Meanwhile, he said, Hanoi was also rejiggering its strategy. Martin said he expected Vietnam to take action against perceived abuses by Chinese exporters “and present reforms as a national upgrade rather than a geopolitical loyalty test”.
A new rule book, not a new Vietnam
Many investors are already fretting over the potential for a July conclusion to the US Section 301 investigations, which could herald fresh tariffs. So, naturally, the looming deadline has prompted another scramble for the next haven.
“We may either return to China or find a country with low tariff advantages and a big local market, like Indonesia,” said Zhou from Tiansu Machinery and Technology.
However, some geopolitical analysts suggested Hanoi may fight to protect its industrial base. Manh-Hung Tran, head of Baker McKenzie’s IP and technology practice in the Asia-Pacific region, noted that Vietnam remained committed to a balanced-relations policy.
Vietnam recognised that Chinese investments were essential to its economy and “will likely continue strengthening economic ties with both the US and China and remain receptive to investment from both countries”, Tran said.
How Hanoi managed Washington’s grievances could ultimately determine the outcome for Chinese manufacturers anchored in Vietnam, Tran added.
Go global, grow local
As Chinese firms face mounting headwinds overseas, Beijing has stepped up regulatory scrutiny even as top leadership continues to endorse going global.
This month, the State Council unveiled new rules on outbound investment.
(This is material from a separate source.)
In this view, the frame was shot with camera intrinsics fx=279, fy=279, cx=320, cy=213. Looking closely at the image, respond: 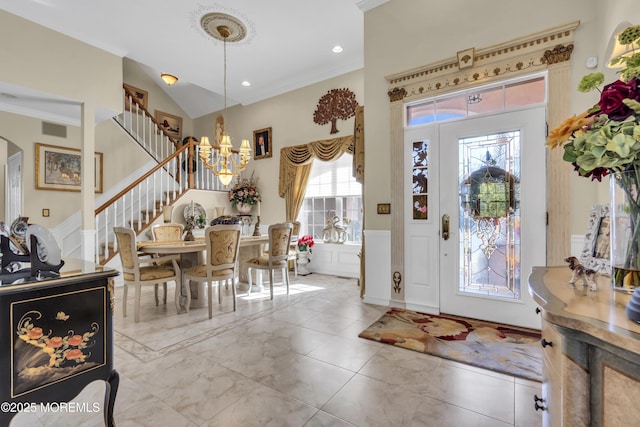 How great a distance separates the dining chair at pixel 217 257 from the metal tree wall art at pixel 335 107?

While stressing market principles and respect for host-country laws, the central government reaffirmed its support for firms competing in international markets.
State media acknowledged that some Chinese enterprises possessed a limited understanding of foreign risk profiles and may be prone to rushed decision-making. The new rules are designed to offer more guidance on operational upgrades and localisation.
“The State Council shall adjust outbound investment policies based on the changing situation and risks in foreign countries and strengthen monitoring, early warning and risk assessment,” an official reportedly said during a June 1 press conference.
The new framework encourages Chinese firms to upgrade and localise overseas operations just as those in Vietnam face the difficult choice of staying or leaving.
Carl Thayer, a Vietnam specialist and emeritus professor at the University of New South Wales in Australia, observed that a transition was already under way.
“Some Chinese companies deepen vertical integration of manufacturing in Vietnam and source more local raw materials to comply with ‘rules of origin’,” Thayer said. He pointed to a move away from “shallow product re-routing” towards “more legitimate manufacturing integration”.
To survive the new trade reality, Thayer said more Chinese enterprises would adopt strategies focused on “true globalisation”. This, he said, would include hiring local executives and professionals and shifting sales targets to non-US markets to dilute their exposure to Washington’s trade policy.